(Dataset records)

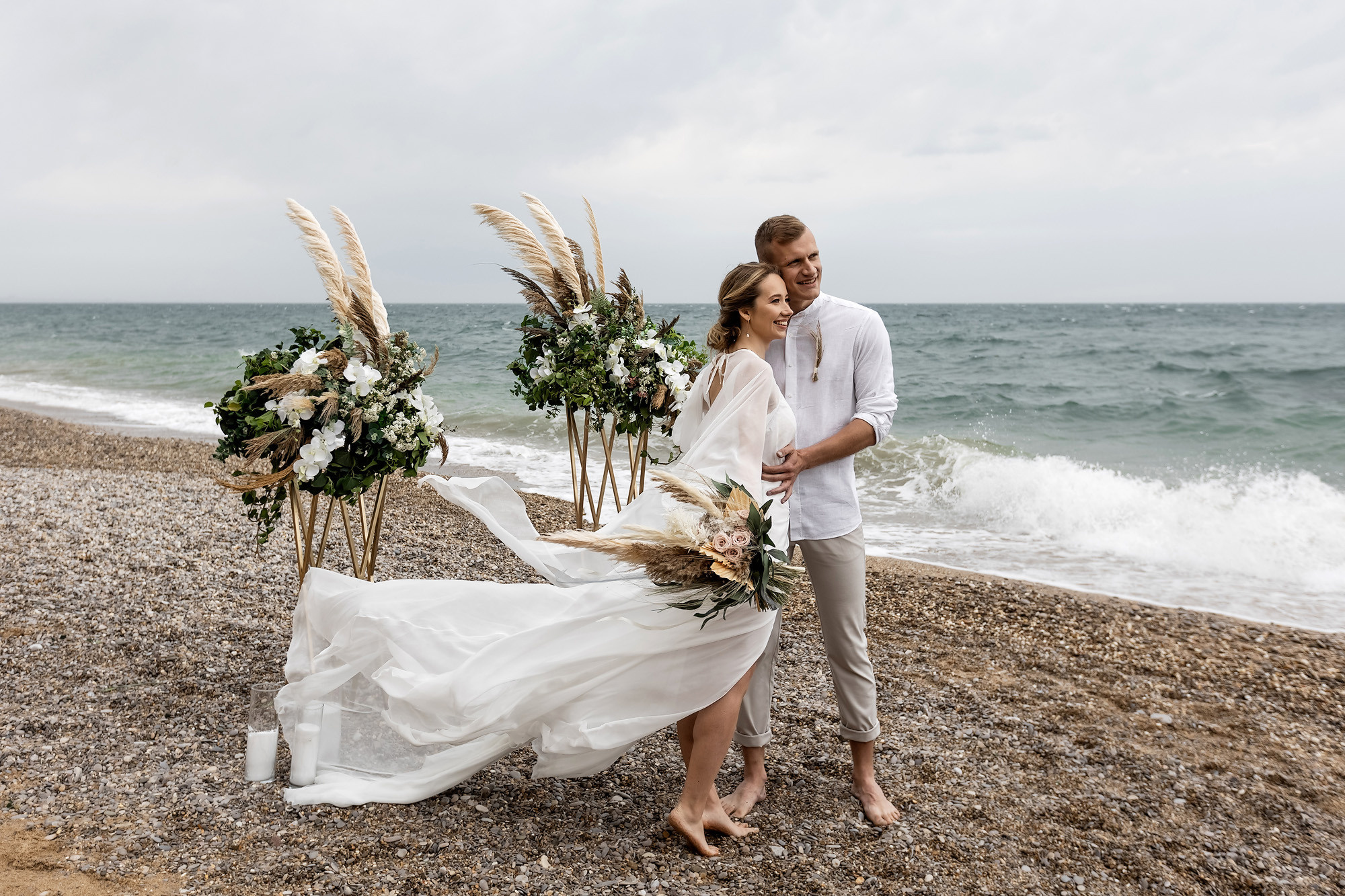 Свадебная выездная церемония и фотосессия на берегу моря. Свадебный фотограф, фотосъемка в Крыму, Севастополе, Симферополе, Ялте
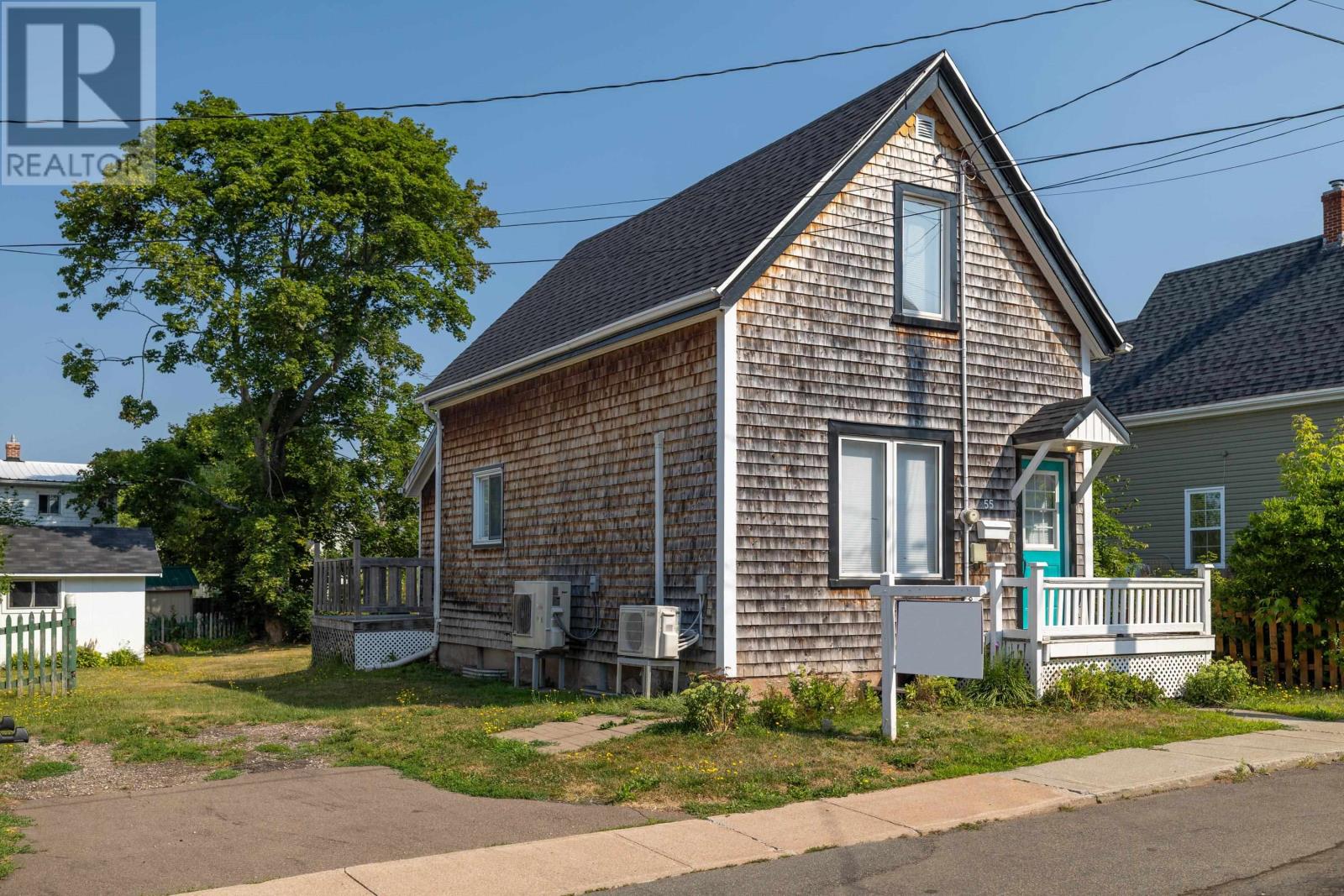 55 Douglas St, Charlottetown, PE C1A 2J4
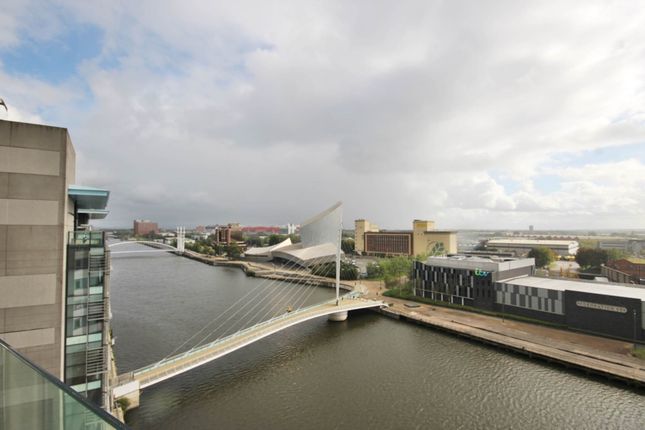 805 The Heart, Media City, Salford photo 2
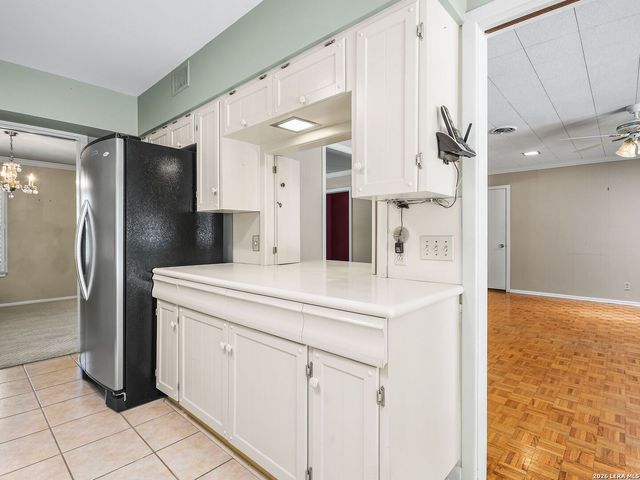 134 Meadowood Lane, San Antonio, TX 78216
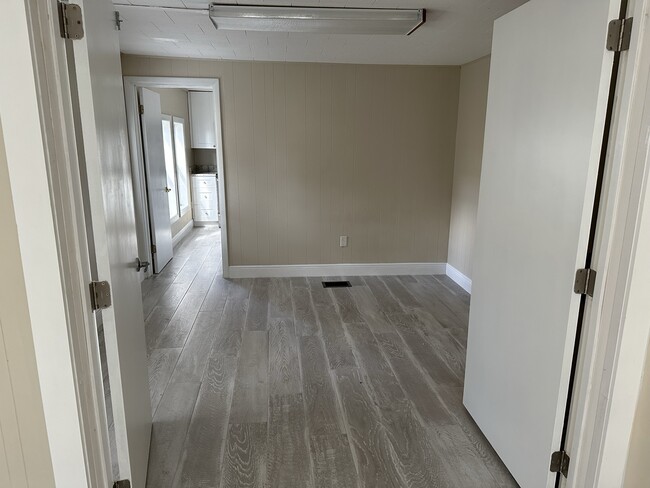Living area - 154 W Center Ave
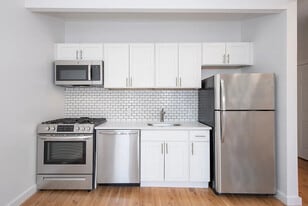 679 Grandview Ave, Unit 2 in Ridgewood, NY - Building Photo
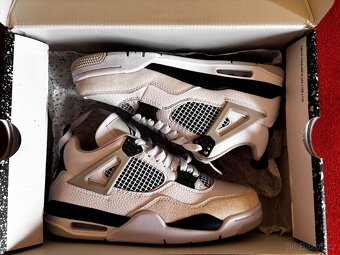 Jordan 4 Military Black - 4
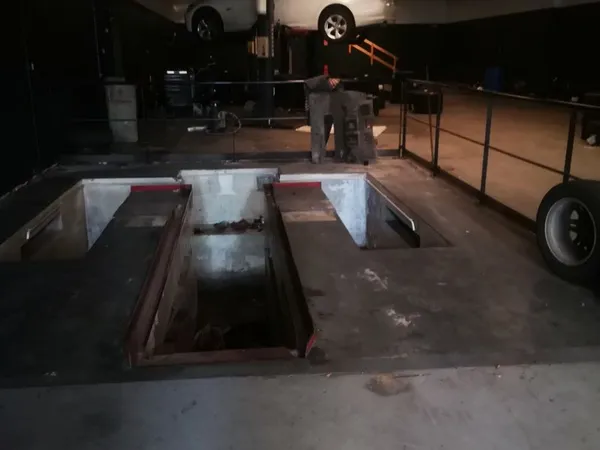 Local, garage bureau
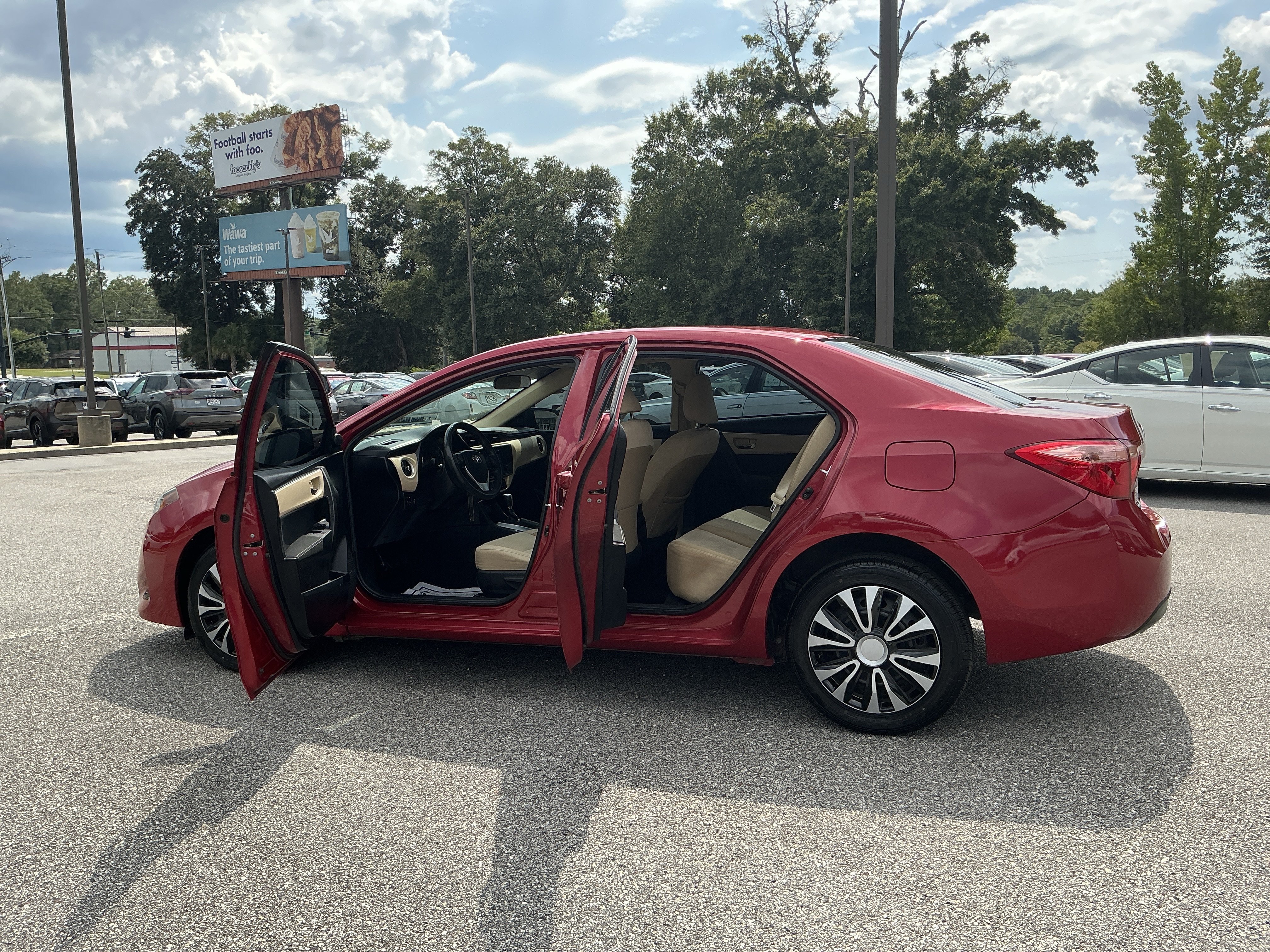 Used 2018 Toyota Corolla LE FWD image 28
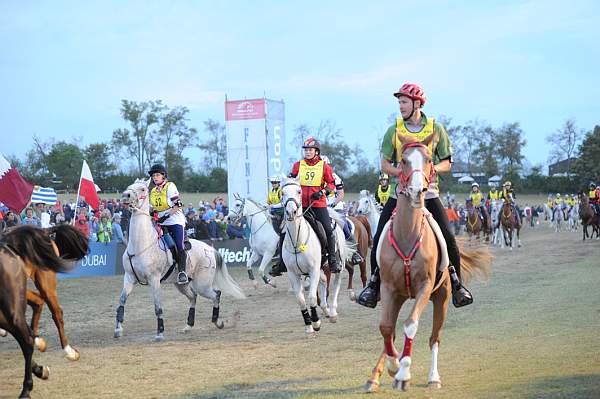 WEG1-9-26-10-Endurance-2344-DDeRosaPhoto.jpg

_Action item:_
Give back, exactly and without pictures, the stretch of the records above from the line containing "805 The Heart, Media City, Salford photo 2" through the line containing "Used 2018 Toyota Corolla LE FWD image 28", with both end lines included.

_Solution to this exercise:_
 805 The Heart, Media City, Salford photo 2
 134 Meadowood Lane, San Antonio, TX 78216
Living area - 154 W Center Ave
 679 Grandview Ave, Unit 2 in Ridgewood, NY - Building Photo
 Jordan 4 Military Black - 4
 Local, garage bureau
 Used 2018 Toyota Corolla LE FWD image 28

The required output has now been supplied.